Carol Dweck, from Stanford University, has proposed that it's not our grades that establish future success but whether we live our life with a 'growth' mindset or 'fixed' mindset. (Mindset, Ballantine, 2006). So a person with a fixed mindset would think that intelligence is fixed and that if children do not do well in their board exams then their lives are doomed. On the other hand, a person with a growth mindset would believe that intelligence is not fixed but grows through experience and learning and that exams are not a true judge of future success. The role models of growth mindset that come to my mind are Albert Einstein, Charles Darwin, Leo Tolstoy, Mahatma Gandhi and many more. All these men may not have had a brilliant academic start but nobody can doubt that they changed the world.

Keep the faith
How do you follow the path of the growth mindset? Here are some good clues:

  • Believe that no quality, trait, ability, intelligence or skill in us is fixed. All that is required is persistence, hard work and tenacity. Dweck's research has clearly indicated that children who are praised for their persistence (process feedback) are better primed for success than children who are praised just for their smartness (fixed feedback).

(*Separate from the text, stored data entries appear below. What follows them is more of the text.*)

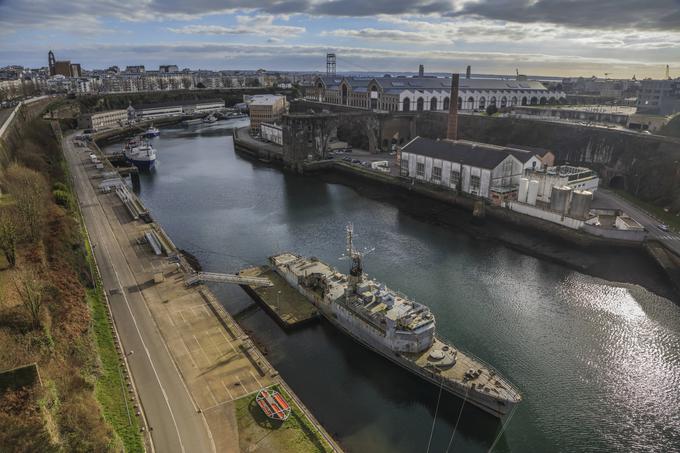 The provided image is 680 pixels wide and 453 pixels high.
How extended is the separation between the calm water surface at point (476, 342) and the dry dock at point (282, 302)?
2.51ft

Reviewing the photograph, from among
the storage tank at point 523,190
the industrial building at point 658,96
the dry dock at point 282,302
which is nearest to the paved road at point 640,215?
the storage tank at point 523,190

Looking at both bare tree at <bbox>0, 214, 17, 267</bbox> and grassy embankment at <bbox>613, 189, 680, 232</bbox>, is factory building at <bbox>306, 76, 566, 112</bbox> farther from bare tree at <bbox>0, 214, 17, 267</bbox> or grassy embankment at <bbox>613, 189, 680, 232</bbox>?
bare tree at <bbox>0, 214, 17, 267</bbox>

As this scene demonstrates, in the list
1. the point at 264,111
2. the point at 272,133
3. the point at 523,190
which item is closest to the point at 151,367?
the point at 523,190

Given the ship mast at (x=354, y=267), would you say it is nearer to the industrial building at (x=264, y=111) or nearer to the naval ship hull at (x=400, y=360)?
the naval ship hull at (x=400, y=360)

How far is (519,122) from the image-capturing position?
279ft

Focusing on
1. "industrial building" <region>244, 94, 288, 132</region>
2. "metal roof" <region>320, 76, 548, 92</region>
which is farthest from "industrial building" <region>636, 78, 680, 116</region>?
"industrial building" <region>244, 94, 288, 132</region>

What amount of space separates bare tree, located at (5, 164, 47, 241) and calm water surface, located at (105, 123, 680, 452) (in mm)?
13503

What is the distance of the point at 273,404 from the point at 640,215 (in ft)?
160

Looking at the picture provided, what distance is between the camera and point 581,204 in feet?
159

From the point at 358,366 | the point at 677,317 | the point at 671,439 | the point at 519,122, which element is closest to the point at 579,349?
the point at 671,439

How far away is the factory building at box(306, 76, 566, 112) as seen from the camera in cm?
10256

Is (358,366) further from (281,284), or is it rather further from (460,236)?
(460,236)

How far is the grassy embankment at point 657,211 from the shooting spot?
47.9 meters

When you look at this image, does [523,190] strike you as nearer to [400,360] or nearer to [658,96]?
[400,360] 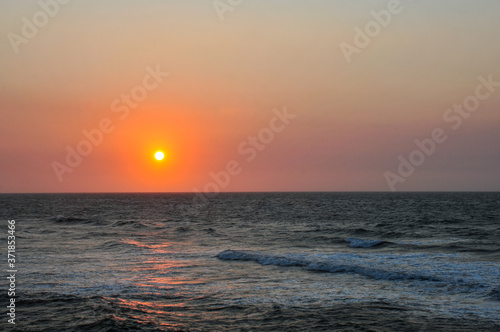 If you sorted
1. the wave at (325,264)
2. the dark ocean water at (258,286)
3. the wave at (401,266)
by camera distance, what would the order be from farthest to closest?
the wave at (325,264) < the wave at (401,266) < the dark ocean water at (258,286)

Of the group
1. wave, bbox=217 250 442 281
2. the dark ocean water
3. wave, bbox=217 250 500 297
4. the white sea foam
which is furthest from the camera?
the white sea foam

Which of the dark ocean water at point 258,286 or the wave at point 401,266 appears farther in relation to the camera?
the wave at point 401,266

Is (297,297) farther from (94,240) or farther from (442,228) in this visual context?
(442,228)

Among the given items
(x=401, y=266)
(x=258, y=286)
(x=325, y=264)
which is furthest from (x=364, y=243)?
(x=258, y=286)

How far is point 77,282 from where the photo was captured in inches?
896

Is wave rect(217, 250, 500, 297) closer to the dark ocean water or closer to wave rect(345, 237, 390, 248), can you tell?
the dark ocean water

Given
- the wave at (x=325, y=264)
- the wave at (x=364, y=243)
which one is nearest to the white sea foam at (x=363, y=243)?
the wave at (x=364, y=243)

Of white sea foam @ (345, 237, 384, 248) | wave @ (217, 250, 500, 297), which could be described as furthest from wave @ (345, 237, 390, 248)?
wave @ (217, 250, 500, 297)

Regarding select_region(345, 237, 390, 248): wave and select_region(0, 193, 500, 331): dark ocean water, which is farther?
select_region(345, 237, 390, 248): wave

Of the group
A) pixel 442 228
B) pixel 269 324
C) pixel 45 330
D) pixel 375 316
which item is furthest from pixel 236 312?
pixel 442 228

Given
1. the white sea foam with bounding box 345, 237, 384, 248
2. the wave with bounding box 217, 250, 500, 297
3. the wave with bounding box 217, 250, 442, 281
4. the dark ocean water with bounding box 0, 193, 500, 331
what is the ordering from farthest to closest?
the white sea foam with bounding box 345, 237, 384, 248 → the wave with bounding box 217, 250, 442, 281 → the wave with bounding box 217, 250, 500, 297 → the dark ocean water with bounding box 0, 193, 500, 331

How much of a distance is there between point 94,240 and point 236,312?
30.2m

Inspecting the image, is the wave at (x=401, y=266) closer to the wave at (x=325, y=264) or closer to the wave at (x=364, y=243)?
the wave at (x=325, y=264)

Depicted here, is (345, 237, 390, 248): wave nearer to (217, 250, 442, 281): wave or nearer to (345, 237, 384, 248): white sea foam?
(345, 237, 384, 248): white sea foam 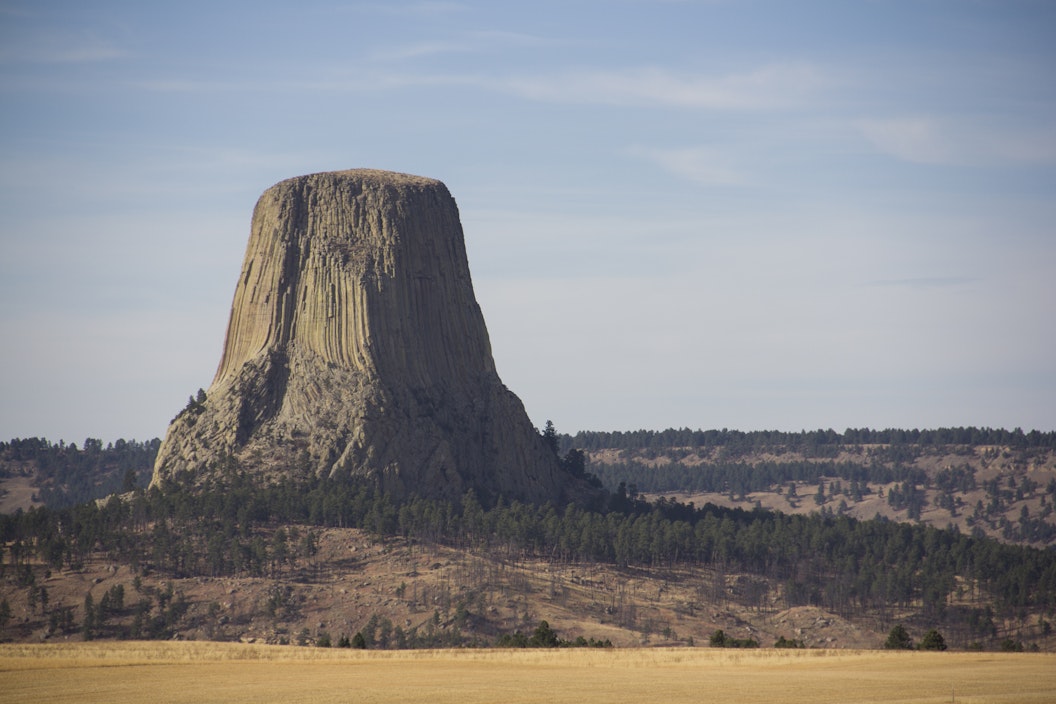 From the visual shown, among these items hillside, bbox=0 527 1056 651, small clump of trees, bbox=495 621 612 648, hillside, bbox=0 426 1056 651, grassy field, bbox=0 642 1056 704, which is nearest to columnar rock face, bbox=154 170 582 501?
hillside, bbox=0 426 1056 651

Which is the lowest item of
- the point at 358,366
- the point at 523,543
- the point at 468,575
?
the point at 468,575

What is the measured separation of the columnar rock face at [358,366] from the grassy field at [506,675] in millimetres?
76965

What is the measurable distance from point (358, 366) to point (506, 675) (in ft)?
346

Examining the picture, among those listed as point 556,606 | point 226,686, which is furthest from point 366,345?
point 226,686

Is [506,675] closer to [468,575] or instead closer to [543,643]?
[543,643]

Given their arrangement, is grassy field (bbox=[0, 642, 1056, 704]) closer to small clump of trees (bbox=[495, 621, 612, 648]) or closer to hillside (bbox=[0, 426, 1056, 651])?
small clump of trees (bbox=[495, 621, 612, 648])

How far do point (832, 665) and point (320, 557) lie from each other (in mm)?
78647

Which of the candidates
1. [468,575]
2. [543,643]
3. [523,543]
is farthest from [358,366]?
[543,643]

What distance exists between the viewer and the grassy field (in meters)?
70.3

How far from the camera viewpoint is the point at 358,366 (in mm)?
184125

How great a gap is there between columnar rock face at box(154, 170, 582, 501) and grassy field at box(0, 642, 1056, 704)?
77.0 meters

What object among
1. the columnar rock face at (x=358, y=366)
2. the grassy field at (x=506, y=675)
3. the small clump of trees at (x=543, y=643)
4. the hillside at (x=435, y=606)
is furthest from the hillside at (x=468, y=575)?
the grassy field at (x=506, y=675)

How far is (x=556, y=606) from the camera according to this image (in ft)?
472

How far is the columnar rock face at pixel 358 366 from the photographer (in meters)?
178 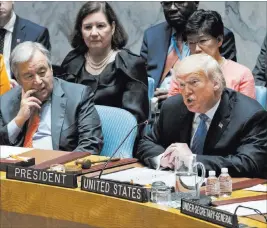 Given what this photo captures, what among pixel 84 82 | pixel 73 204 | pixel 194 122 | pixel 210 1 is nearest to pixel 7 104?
pixel 84 82

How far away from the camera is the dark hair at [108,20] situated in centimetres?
490

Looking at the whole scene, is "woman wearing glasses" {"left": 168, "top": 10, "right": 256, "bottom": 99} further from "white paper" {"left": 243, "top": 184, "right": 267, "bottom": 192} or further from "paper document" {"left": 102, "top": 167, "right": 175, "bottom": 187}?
"white paper" {"left": 243, "top": 184, "right": 267, "bottom": 192}

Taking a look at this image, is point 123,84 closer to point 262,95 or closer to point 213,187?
point 262,95

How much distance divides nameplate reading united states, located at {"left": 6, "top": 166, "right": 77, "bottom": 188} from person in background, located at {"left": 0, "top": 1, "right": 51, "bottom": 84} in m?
2.43

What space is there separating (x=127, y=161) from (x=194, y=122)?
38 cm

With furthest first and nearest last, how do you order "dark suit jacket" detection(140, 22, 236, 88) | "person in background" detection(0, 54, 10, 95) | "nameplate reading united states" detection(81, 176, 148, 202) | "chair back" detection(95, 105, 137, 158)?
"dark suit jacket" detection(140, 22, 236, 88), "person in background" detection(0, 54, 10, 95), "chair back" detection(95, 105, 137, 158), "nameplate reading united states" detection(81, 176, 148, 202)

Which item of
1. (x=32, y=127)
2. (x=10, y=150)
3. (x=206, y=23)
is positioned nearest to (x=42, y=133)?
(x=32, y=127)

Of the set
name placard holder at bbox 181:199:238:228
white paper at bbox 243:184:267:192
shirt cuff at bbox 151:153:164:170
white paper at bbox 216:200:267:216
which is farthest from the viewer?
shirt cuff at bbox 151:153:164:170

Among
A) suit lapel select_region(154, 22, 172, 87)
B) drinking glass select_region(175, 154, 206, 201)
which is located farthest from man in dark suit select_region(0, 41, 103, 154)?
suit lapel select_region(154, 22, 172, 87)

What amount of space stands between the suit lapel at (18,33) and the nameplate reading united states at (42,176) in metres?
2.50

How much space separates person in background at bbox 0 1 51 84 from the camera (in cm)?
565

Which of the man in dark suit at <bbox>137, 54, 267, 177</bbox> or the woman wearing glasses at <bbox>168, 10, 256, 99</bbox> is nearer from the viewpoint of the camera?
the man in dark suit at <bbox>137, 54, 267, 177</bbox>

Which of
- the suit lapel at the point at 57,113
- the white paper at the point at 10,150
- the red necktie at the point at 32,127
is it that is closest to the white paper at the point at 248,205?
the white paper at the point at 10,150

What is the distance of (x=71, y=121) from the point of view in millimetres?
4234
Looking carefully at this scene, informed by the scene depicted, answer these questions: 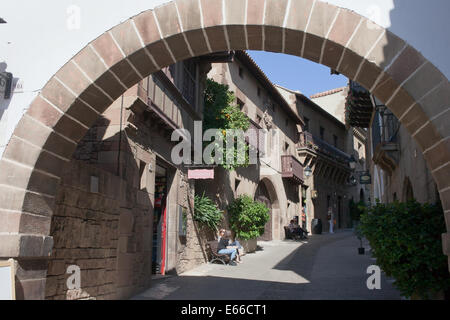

  • Reframe difficulties, mistakes, low scores, as part of the journey rather than see them as signs of failure. It does not mean that you are lowering the standard for your children, instead it means that you are coaching them to keep growing and not be scared of trying different options to optimise their potential for the rest of their lives
  • Motivate them to be committed to the process of learning and develop their mind and life at every step. Praise persistence and staying power, celebrate learning and curiosity, open their minds to seeing life as a way of experimenting and exploring, free them to take healthy risks and overcome challenges.
  • As a parent help children turn around their failures. Motivate them to be committed to learning rather than just getting scores. And for that you need to believe in it yourself. Remember, each child is wired and inspired differently. Some might do well in school, whereas there are many others who will only blossom much later when they are in college or when they start working.
  • The growth mindset is based on the belief that your skills, strengths and abilities can only be polished through effort and perseverance. The passion for stretching yourself and sticking to it, even (especially) when it's not going well, is the hallmark of the growth mindset. As Albert Einstein remarked, "It's not just that I am smart, it's just that I stay with problems longer."